Despite the hot pull-apart rolls that signal the start of dinner, I’ve made a habit of launching every meal with a flatbread for the table. Prepared in a pizza oven inherited from Potenza, the crusts are thin and pleasantly chewy. The topping I return to most involves shredded duck, diced sweet potato and petals of Brussels sprouts. A paddle of that, plus something potent from the bar, makes me a happy camper. Spring for the smooth, bourbon-based West Wing, a tip of the hat to the establishment’s kinda-sorta neighbors.

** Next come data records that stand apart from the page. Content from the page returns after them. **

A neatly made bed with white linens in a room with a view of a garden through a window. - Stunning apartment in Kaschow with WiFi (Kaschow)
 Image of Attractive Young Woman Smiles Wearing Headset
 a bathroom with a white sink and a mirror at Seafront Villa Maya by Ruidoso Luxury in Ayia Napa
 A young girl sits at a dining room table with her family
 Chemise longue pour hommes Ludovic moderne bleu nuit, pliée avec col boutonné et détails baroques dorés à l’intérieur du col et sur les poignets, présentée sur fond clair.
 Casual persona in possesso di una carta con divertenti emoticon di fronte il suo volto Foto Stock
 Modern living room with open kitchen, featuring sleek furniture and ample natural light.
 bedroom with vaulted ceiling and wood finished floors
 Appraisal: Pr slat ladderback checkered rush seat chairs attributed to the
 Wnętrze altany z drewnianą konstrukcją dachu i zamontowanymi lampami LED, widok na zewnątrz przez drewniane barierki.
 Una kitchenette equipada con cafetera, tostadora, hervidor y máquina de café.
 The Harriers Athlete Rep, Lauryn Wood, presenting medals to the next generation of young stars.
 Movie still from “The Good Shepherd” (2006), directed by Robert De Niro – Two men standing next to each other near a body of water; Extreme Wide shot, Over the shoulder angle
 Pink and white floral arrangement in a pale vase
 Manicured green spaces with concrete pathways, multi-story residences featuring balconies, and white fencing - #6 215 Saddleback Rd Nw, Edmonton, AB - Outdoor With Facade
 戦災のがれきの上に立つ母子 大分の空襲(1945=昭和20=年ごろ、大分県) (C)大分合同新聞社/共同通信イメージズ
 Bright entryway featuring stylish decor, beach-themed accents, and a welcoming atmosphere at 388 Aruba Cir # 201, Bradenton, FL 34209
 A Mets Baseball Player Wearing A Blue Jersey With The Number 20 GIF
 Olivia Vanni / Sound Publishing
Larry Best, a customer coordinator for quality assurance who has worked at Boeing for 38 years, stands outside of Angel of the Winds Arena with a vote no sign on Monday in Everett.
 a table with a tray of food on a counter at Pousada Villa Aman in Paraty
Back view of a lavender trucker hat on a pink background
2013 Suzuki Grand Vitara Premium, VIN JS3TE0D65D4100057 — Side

You can’t be a restaurant and not serve kale these days, and this kitchen follows fashion with a toss of the dark greens, apple, dates, caramelized onions and bacon. Finer still is the chopped salad that packs in — open wide, now — sliced radishes, beets, cauliflower, bibb lettuce, tangy goat cheese and apricot bits, everything moistened with champagne vinaigrette.
Craggy fried chicken livers sit on a puddle of cheesy grits, the richness of the appetizer offset by sweet pepper marmalade. Here and there, reminders of Buben’s other family members pop up. Barbecue shrimp with tasso ham and smoked paprika butter would look right at home at Vidalia, for instance. On the other hand, chicken-fried sweetbreads lack the fine crunch and custardlike center that distinguish the Southern model from the pack. A bed of braised red cabbage adds tang to the rich dish.
No matter the day of the week, corned beef brisket feels like Sunday supper. For those who grew up on unfussy home cooking, the heap of braised sliced meat, tiny skin-on potatoes, baby carrots and a fistful of fresh parsley summons reassuring memories. Two diners could easily share the feast.